- What I have learnt from my research and experts is the importance of social play. Kids playing with kids. Learning how to be social beings, how to compromise, respect others, play by the rules of a game, get messy, share imaginative ideas and be creative together.
- We need to adapt our social infrastructure to the realities of risk aversive parenting and declining independence for middle years kids. Just making playgrounds prettier, more natural or more accessible will not be enough
- Play Yards are the vital neighbourhood facility to complement school, formal care and regional destination parks
Meet the Presenter
Tanya Vincent is a keynote speaker at Gowrie NSW OSHC Seminar Day – Inquiry, Inspiration and Innovation happening in April. In this interview, Tanya discusses The Play Yards in Copenhagen as innovative places that support outdoor play, social connection, community and belonging for children.
Can you share a little about who you are, where you are from and how you came to be interested in this concept of the Play Yards?
I am an architect by training and have been practising urban design for about 25 years. Currently, I work on the policy, planning and design of transport projects to make better local places. But for many years, and when I first got involved in play yards, I designed residential neighbourhoods and housing and planned precincts. I came to play yards with both professional and personal experiences.

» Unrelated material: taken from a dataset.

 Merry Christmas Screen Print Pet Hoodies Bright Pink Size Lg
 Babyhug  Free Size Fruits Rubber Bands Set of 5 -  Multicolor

In the early 2000’s I saw in the planning documents the volume and extent of high-density neighbourhoods coming down the line. From my own experience raising kids without a backyard, I realised how this would challenge the pre-conceived ideas of an Australian childhood and how communities’ needs would change.
I also discovered that being a ‘good parent’ in Australia meant chauffeuring and chaperoning kids in parks and playgrounds well into their early teens, way above the age a citizen should be enjoying independence in their local neighbourhood. I discovered that despite everyone’s efforts to raise active, healthy, socially engaged kids, there are so many more hours in the day and days in the year than can be covered by school and formal care. And that individual dilemma compounds at a societal scale into the statistics about childhood obesity, loneliness, and screen dependency.
So when I came across a Play Yard when visiting Copenhagen, the light bulb went on. This is the type of social infrastructure to meet the modern needs of Australian families. I received a Churchill Fellowship in 2011 to study play yards, completing a comprehensive research project of over 37 staffed facilities mainly in Copenhagen but also in London and Stockholm.
For you, when you think of the importance of play for children in the school years what comes to mind?
I want to say straight up, I am not a play expert or trained educator. But what I have learnt from my research and experts is the importance of social play. Kids playing with kids. Learning how to be social beings, how to compromise, respect others, play by the rules of a game, get messy, share imaginative ideas and be creative together. That’s why the loose parts and presence of friends in Play Yards is crucial for making a local facility appealing for daily use. It is also why too much focus on fixed equipment or fancy landscape design are often red herrings. This is the big difference between a regional, destination playground for the occasional planned visit and a Play Yard, which is more like a backyard for everyday, casual and independent use.
When you began researching the Play Yards of Copenhagen, what were some of the surprising things that you noticed?
I went into the research with my designer’s hat on, thinking the recipe was in the location, design and things. What I discovered was an enormous range of sizes, locations and layouts so that was not the answer. The core was the relationships between the play yard staff and the parents and kids. Their pedagogy was about finding ways to support families and kids in whatever way was right for that neighbourhood or individual with mutual respect. It was not about pathologizing people as cases or policing users, but welcoming everyone as they went through that life stage of parenthood and childhood. The playground, events and bikes were just the drawcards that attracted local families to socialise and support each other.
What do you see as the benefits of this approach that could be translated into an Australian context?
Australian cities, towns and suburbs are getting denser. Even new detached houses these days often have very little useable open space. Whether by choice or circumstance, many families are raising kids without a large private backyard. But the key planning assumption behind public space for children has not changed since the 1960s– free-roaming kids playgrounds for occasional visits escorted and supervised by unwaged housewives because every day, outdoor activities occur in the backyard.
We need to adapt our social infrastructure to the realities of risk aversive parenting and declining independence for middle years kids. Just making playgrounds prettier, more natural or more accessible will not be enough.
Australia has adopted or invented other forms of social infrastructure to meet changing community needs, such as community gardens, dog parks and men’s sheds. Not it is time to focus on the needs of families and kids living in modern Australia. Play Yards are a vital neighbourhood facility to complement school, formal care and regional destination parks
For the Seminar in April, what are you looking forward to sharing with the group?
The photos and video help show what Play Yards look and feel like and how important the staff are to making the facilities successful and popular. Also hearing from the group what aspects of Play Yards they think will resonate with Australian families and any tips on making them work here.